The contention was that the auction on 19 21968 was held by a member of the Board of Revenue and that the wording of R.10 clearly indicated that the same officer should conduct the re-auction. The re-auction on 10 41968 was not by a Member of the Board of Revenue but was by an Assistant Excise Commissioner. Since the same officer did not conduct the auction the procedure can be justified, if at all, only on the basis that the Board of Revenue could adopt "any other method" as indicated in the Rule. With reference to the counter-affidavit filed on behalf of the State it was further submitted that the position taken up by the State also is that it was "any other method" that was adopted. But this provision in the rule, that any other method may be adopted, it was contended is had because it amounts to delegation by a delegate.
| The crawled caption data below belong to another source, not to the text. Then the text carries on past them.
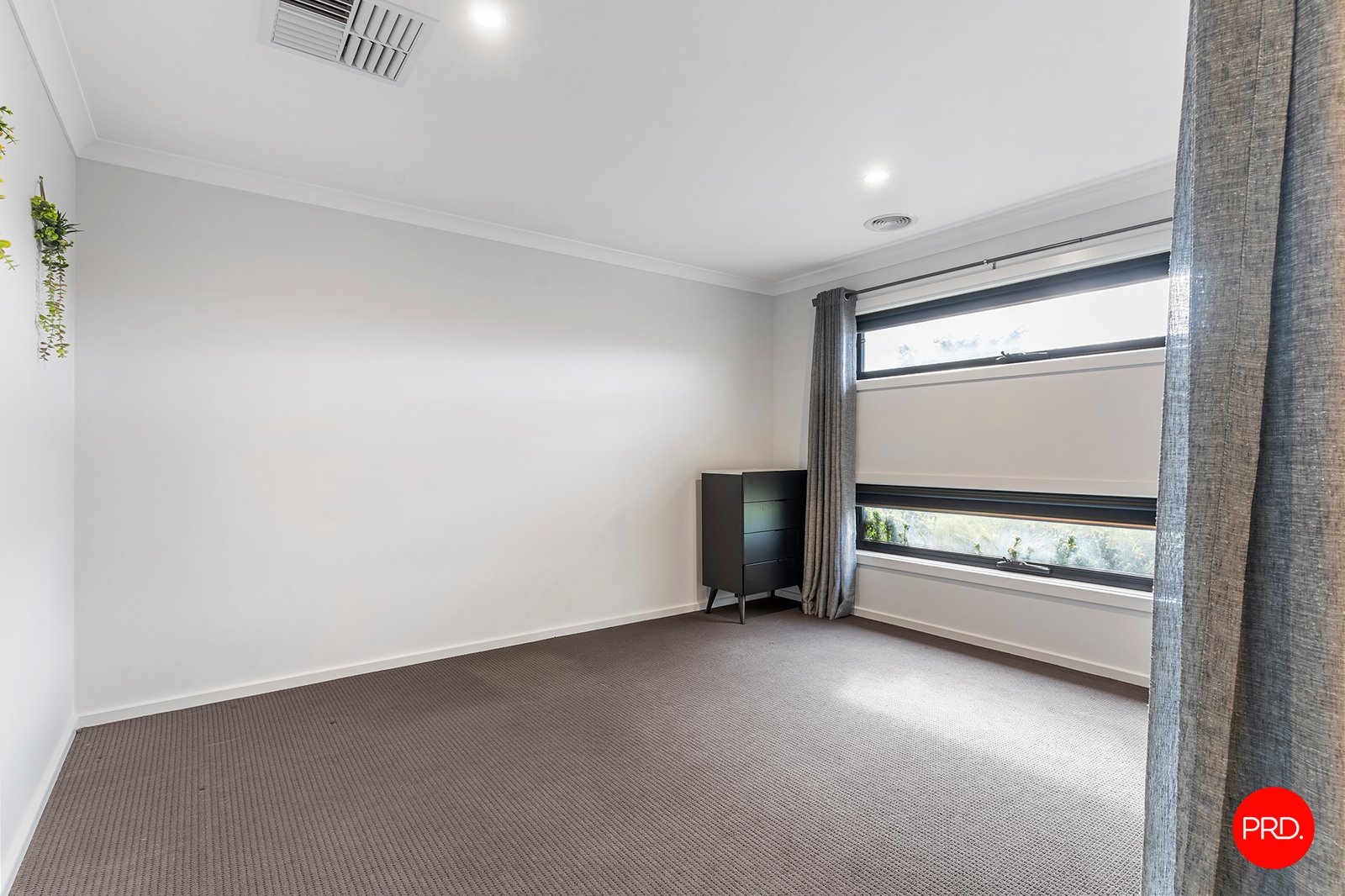 25 Cloverfields Crescent EPSOM 7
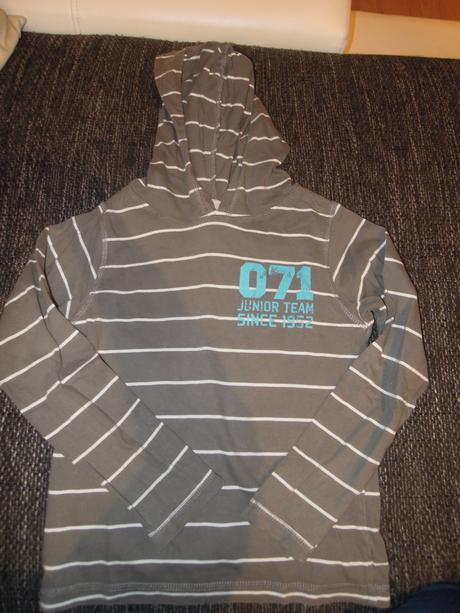 Dětské tričko velikost 122, 122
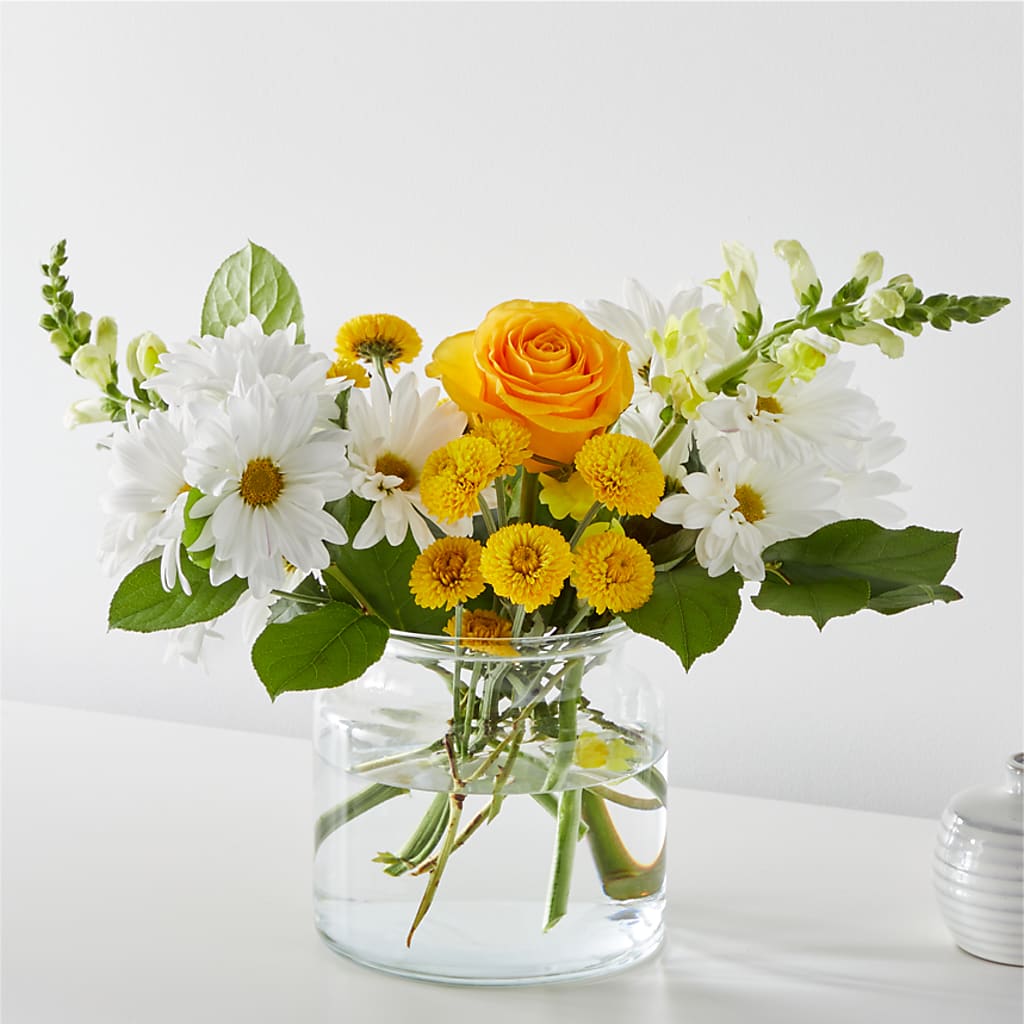Sun Salutation Bouquet – Waynesboro Emporium, Waynesboro GA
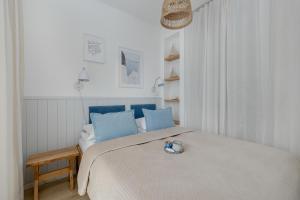 Baltic Marina Residence Studios with Balcony & Pet Friendly by Renters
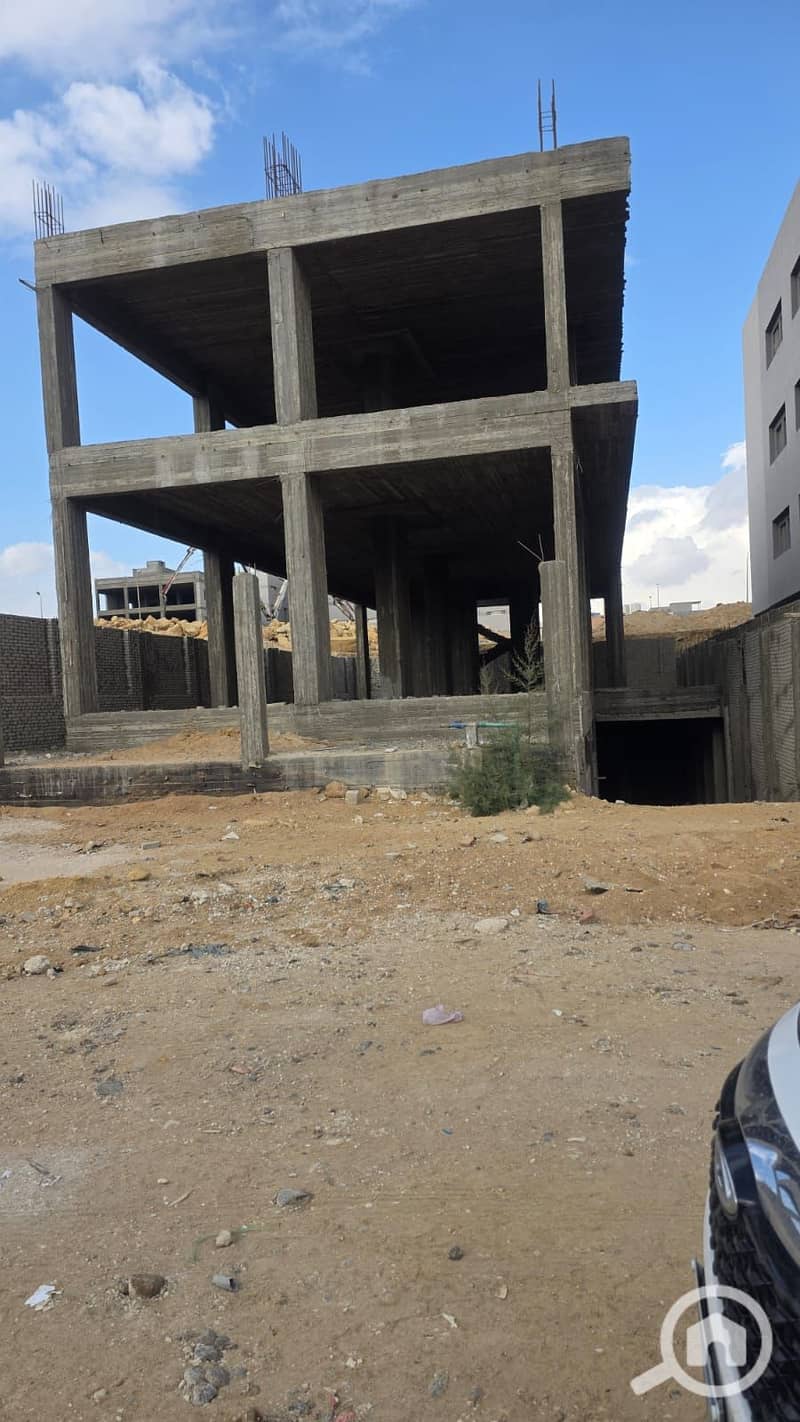 Warehouse for Sale – Fifth Settlement | Industrial Area Total Land Area: 440 sq m Basement: Covers the entire area (440 sq m) – Height: 5.5 - Ansicht 4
The argument was that the power under S.18A granted to the Government to determine the method of auction, negotiation, or by any other means, is a power already delegated to the Government by the Legislature and the Government cannot delegate the power to another to determine the method. This question also, we think, we are not called upon to decide, because notwithstanding the specific contention raised by the State, we feel that the method adopted in this case is not "other method" but the same method, namely, auction. The fact that the auction was not held by the same individual or the same officer who conducted the first auction does not matter because the auction, as is clear from the preamble to the notification, can be conducted either by the Board of Revenue or by any officer authorised by the Government or by the Board of Revenue. There is no case that the second auction was conducted by an officer who had not been authorised by the Board of Revenue. The contention that R.10 has not been complied with cannot therefore stand. In the light of the above, we dismiss the Original Petition. We direct the parties to bear their respective costs.